There are risks associated with this option. Primary legislation is not a generally accepted vehicle to regulate House procedure. It would be more consistent with current constitutional understandings to achieve the changes to parliamentary procedure proposed by the Law Commission by amendments to Standing Orders rather than by legislative change because this would ensure that the changes have unanimous or near unanimous support from all or most parliamentary parties (which would make them enduring). Statutory provisions governing the procedure of the House raise the risk of challenge by way of judicial review and, where there are manner and form requirements for Bills, there is the additional risk that the validity of a statute might be called into question by some error in procedure. And procedures set out in primary legislation can only be changed by further primary legislation.

Option 2: a statutory power for PCO to undertake revision

Under this option, there would not be a duty to have a programme of revision. There could, however, be included in the PCO's statutory functions a general reference to undertaking revision. If revision Bills were drafted, Standing Orders could set out a streamlined procedure for enacting them.

The benefit of this option is that the amount of resources committed to revision would reflect the actual priorities of the Government at any given time. If revisions were carried out, there would be the same benefits for users as with option 1. The associated costs would also be the same.

There would not be any obligation to carry out revision. In which case, the risk is that there would be no change. There is nothing to suggest that departments would take a greater interest in carrying out revisions than they do now.

Preferred option

The preferred option is a variation of option 1. This would be to have statutory provision for a revision programme, a duty for the PCO to draft revision Bills in accordance with the programme, and to submit them to a certifying committee. However, this option would not include statutory provision for the progress of revision statutes through Parliament. Instead, the parliamentary procedure for the passage of revision Bills would be set out in Standing Orders.

This option brings with it the benefits of certainty and clarity described under option 1. The issues of cost for business or the public generally are not materially altered by this variation. However, this variation would remove the risks identified in relation to option 1.

Implementation and review

The proposal will be given effect by the Legislation Bill.

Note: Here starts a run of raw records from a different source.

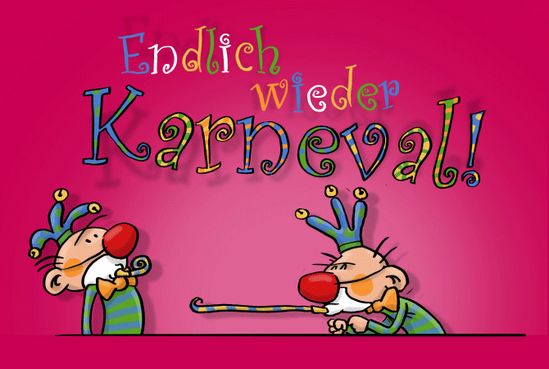 Witzige bilder fasching 001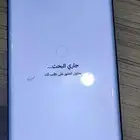 موتورولا 50 الترا للبيع على السوم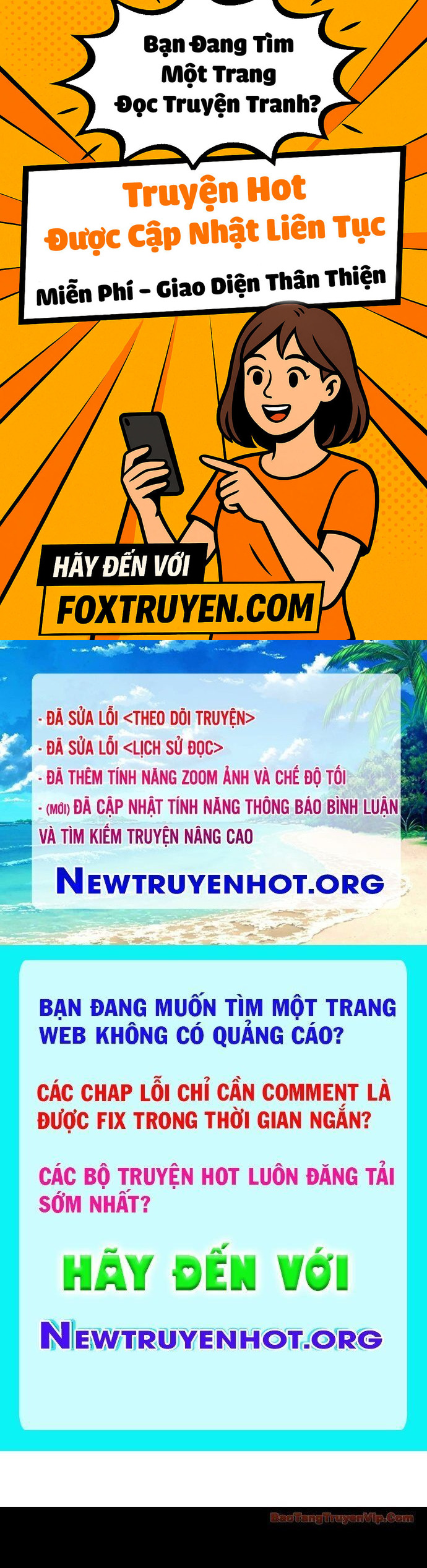 Tiểu Gia Chủ Của Tứ Xuyên Đường Gia Trở Thành Kiếm Thần Chương 89 Ảnh 2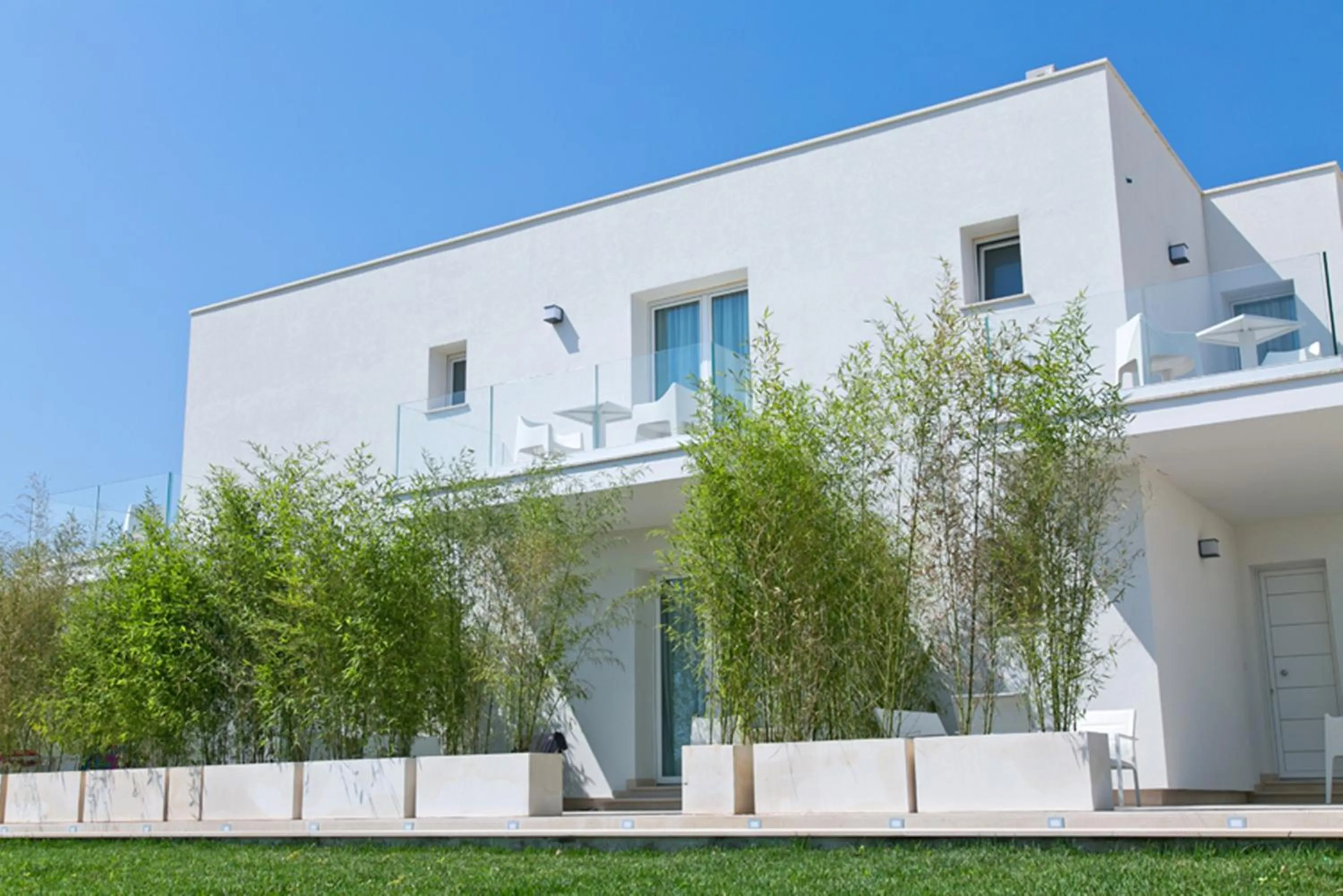 Other in Terra d'Acqua Resort & SPA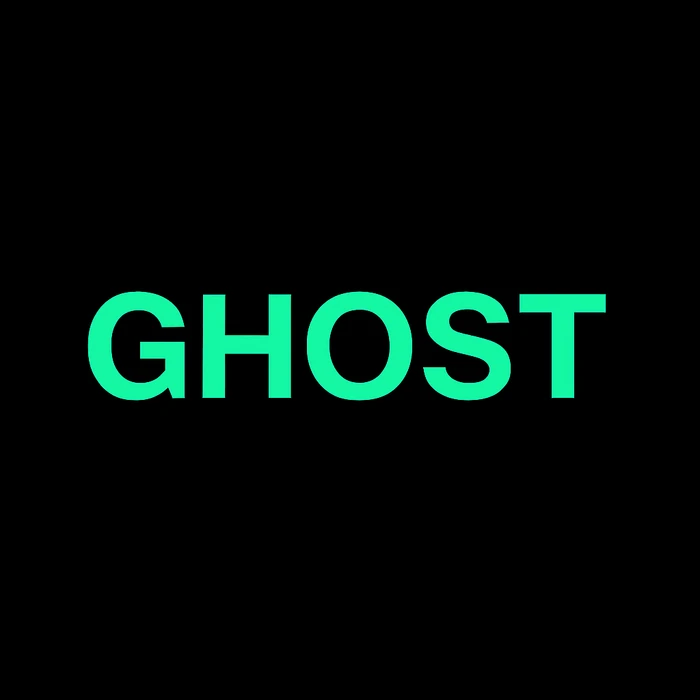 Ghost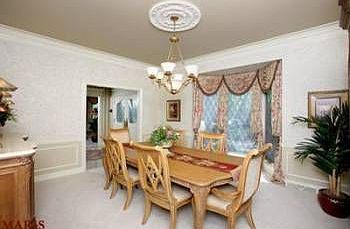 2nd image of 59 Muirfield Ct
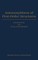 Automorphisms of First-Order Structures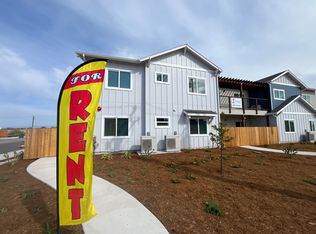 4563 12th St, Guadalupe, CA 93434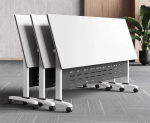 foldable table, portable table, collapsible table, folding table, multi-purpose table, space-saving table, adjustable table, lightweight foldable table, home foldable table, outdoor foldable table, event foldable table, party foldable table, camping foldable table, picnic foldable table, portable dining table, foldable work table, folding desk, folding dining table, foldable office table, portable office table, folding kitchen table, folding study table, foldable conference table, stackable foldable table, folding classroom table, foldable training table, folding banquet table, portable banquet table, foldable meeting table, folding conference table, adjustable height table, folding craft table, foldable laptop table, foldable computer table, foldable workstation, foldable table with chairs, foldable desk, collapsible workstation, folding workbench, foldable art table, foldable drafting table, folding restaurant table, foldable café table, foldable hotel table, folding event table, portable furniture, foldable furniture, space-efficient table, foldable table supplier, foldable table manufacturer, folding table for home, folding table Kenya, foldable table Nairobi, event furniture Kenya, foldable plastic table, foldable wooden table, foldable metal table, foldable steel table, foldable MDF table, foldable laminated table, folding table with storage, folding table with wheels, portable desk, foldable workshop table, foldable picnic furniture, folding outdoor furniture, foldable dining furniture, foldable kitchen furniture, foldable office furniture, foldable training furniture, foldable classroom furniture, foldable seminar table, foldable exam table, folding banquet furniture, portable seminar table, portable conference table, folding laptop desk, adjustable foldable desk, folding computer table, foldable card table, foldable ping pong table, folding pool table, foldable study desk, folding classroom desk, foldable drafting desk, portable drafting table, folding arts and crafts table, foldable utility table, foldable folding table, compact foldable table, lightweight folding table, foldable workstation desk, folding trade show table, foldable exhibition table, foldable trade show furniture, folding market table, portable display table, foldable display furniture, folding registration table, foldable registration desk, foldable snack table, folding buffet table, foldable catering table, foldable hotel banquet table, folding event furniture supplier, foldable multipurpose desk, portable folding desk, foldable classroom desk supplier, folding seminar furniture, foldable office desk Kenya, foldable furniture supplier Nairobi, folding workshop table, foldable garden table, portable picnic table, folding camping table, foldable balcony table, foldable patio table, foldable indoor table, foldable outdoor furniture Kenya, folding event furniture Kenya, foldable furniture Nairobi, foldable plastic desk, foldable wooden desk, foldable metal desk, foldable laminated desk, foldable steel desk, folding display table, portable display furniture, foldable exhibition desk, folding craft furniture, foldable sewing table, portable sewing desk, folding hobby table, foldable hobby desk, folding kids table, foldable children’s table, folding student desk, foldable study furniture, foldable office workstation, foldable laptop workstation, foldable kitchen island table, folding prep table, foldable buffet desk, foldable catering desk, portable banquet furniture, folding event setup, foldable training desk, foldable classroom furniture Kenya, foldable seminar desk, foldable conference furniture Kenya, folding conference desk, foldable meeting desk, foldable workshop desk, folding arts table, portable arts table, foldable art desk, foldable painting table, folding craft workstation, foldable workbench desk, foldable utility desk, foldable folding desk, portable folding workstation, lightweight foldable desk, foldable seminar workstation, folding trade desk, foldable exhibition desk Kenya, foldable trade desk Kenya, folding market desk, portable display desk, foldable display furniture Kenya, folding registration desk, foldable registration table Kenya, foldable snack desk, folding buffet desk, foldable catering desk Kenya, foldable hotel desk, folding event desk, portable multipurpose desk, folding classroom desk Kenya, foldable office desk supplier, foldable furniture manufacturer Kenya, folding workshop desk Kenya, foldable garden desk, portable picnic desk, folding camping desk, foldable balcony desk, foldable patio desk, foldable indoor desk, foldable outdoor furniture Nairobi, folding plastic desk, folding wooden desk, folding metal desk, folding laminated desk, folding steel desk, foldable event supplier, foldable furniture supplier Kenya, folding plastic furniture, folding wooden furniture, folding metal furniture, folding steel furniture, folding laminated furniture, folding outdoor furniture Kenya, foldable indoor furniture Nairobi, foldable outdoor furniture supplier, portable folding furniture, compact foldable furniture, lightweight folding furniture, multipurpose folding furniture, folding furniture manufacturer Kenya, folding furniture supplier Nairobi, foldable furniture manufacturer Nairobi, folding furniture Kenya, foldable furniture dealer Nairobi, folding furniture dealer Kenya, foldable furniture Nairobi, folding furniture exporter Kenya, foldable furniture exporter Nairobi, folding table set, foldable table with chairs Kenya, folding table and chair set, foldable dining table set, folding event table set, foldable classroom table set, folding seminar table set, foldable workshop table set, folding picnic table set, foldable kitchen table set, folding multipurpose table set, foldable office table set, folding indoor table set, foldable outdoor table set, folding exhibition table set, foldable display table set, folding trade show table set, foldable portable table set, folding balcony table set, foldable patio table set, folding café table set, foldable restaurant table set, folding banquet table set, foldable catering table set, folding buffet table set, foldable hotel table set, folding conference table set, foldable meeting table set, folding modular table, foldable modular desk, folding compact desk, foldable space-saving desk, folding adjustable desk, foldable height-adjustable desk, folding tabletop desk, foldable office tabletop, folding workspace desk, foldable laptop desk, folding computer desk, foldable work desk, folding multi-purpose desk, foldable multi-use desk, folding event desk set, foldable seminar desk set, folding classroom desk set, foldable study desk set, folding training desk set, foldable exam desk set, folding craft desk set, foldable hobby desk set, folding arts and crafts desk set, foldable sewing desk set, folding workshop desk set, foldable utility desk set, folding prep desk, foldable buffet desk set, folding catering desk set, foldable banquet desk set, folding hotel desk set, foldable conference desk set, folding registration desk set, foldable display desk set, folding exhibition desk set, foldable portable desk set, folding picnic desk set, foldable balcony desk set, folding patio desk set, foldable indoor desk set, folding outdoor desk set, foldable lightweight desk, folding compact desk, foldable portable workstation, folding adjustable table, foldable space-saving workstation, folding multipurpose workstation, foldable modular workstation, folding seminar workstation, foldable conference workstation, folding training workstation, foldable study workstation, folding office workstation, foldable event workstation, folding display workstation, foldable exhibition workstation, folding trade show workstation, foldable workshop workstation, folding arts workstation, foldable hobby workstation, folding classroom workstation, foldable seminar table desk, folding conference table desk, foldable office table desk, folding indoor table desk, foldable outdoor table desk, folding portable table desk, foldable lightweight table desk, folding space-saving table desk, foldable adjustable table desk, folding multipurpose table desk, foldable modular table desk, folding compact table desk, foldable portable table desk, folding furniture collection, foldable furniture collection Kenya, folding furniture collection Nairobi, foldable furniture set, folding furniture set Kenya, foldable furniture set Nairobi, folding table furniture set, foldable table furniture set, folding portable table furniture, foldable portable table furniture Kenya, folding portable table furniture Nairobi, foldable furniture Kenya, folding furniture Nairobi, foldable furniture supplier Kenya, folding furniture supplier Nairobi, foldable furniture manufacturer Kenya, folding furniture manufacturer Nairobi, foldable furniture dealer Kenya, folding furniture dealer Nairobi, foldable furniture exporter Kenya, folding furniture exporter Nairobi, foldable furniture shop Kenya, folding furniture shop Nairobi, foldable furniture store Kenya, folding furniture store Nairobi, foldable table Kenya, folding table Nairobi, foldable table supplier Kenya, folding table supplier Nairobi, foldable table manufacturer Kenya, folding table manufacturer Nairobi, foldable table dealer Kenya, folding table dealer Nairobi, foldable table exporter Kenya, folding table exporter Nairobi, foldable table shop Kenya, folding table shop Nairobi, foldable table store Kenya, folding table store Nairobi, and foldable table online Kenya.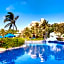 Barcelo Karmina - All Inclusive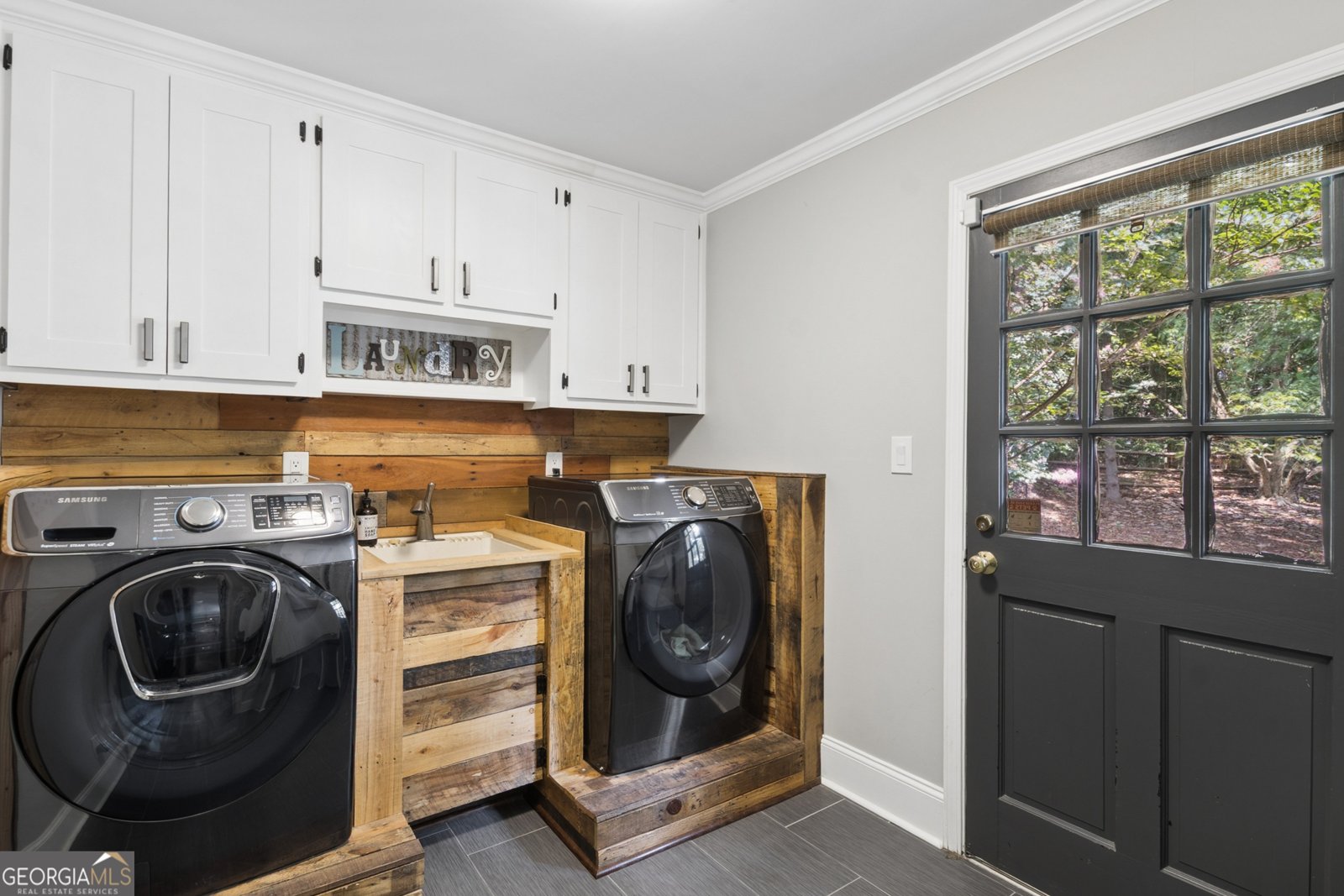 8850 Willowbrae Lane Roswell - Photo 25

Its effect will be gradual, as the first revision programme will not be required to be prepared until the next new Parliament.

The Chief Parliamentary Counsel will monitor the effectiveness of the revision programme, and will report on the revision functions exercised by PCO in every report on the Parliamentary Counsel Office under section 43 of the Public Finance Act 1989.

Consultation

The Law Commission consulted widely during the preparation of its reports.

The National Library, the Department of the Prime Minister and Cabinet, the Inland Revenue Department, the Law Commission, the State Services Commission, the Treasury, the Solicitor-General, and the Clerk of the House of Representatives were consulted on the Cabinet paper.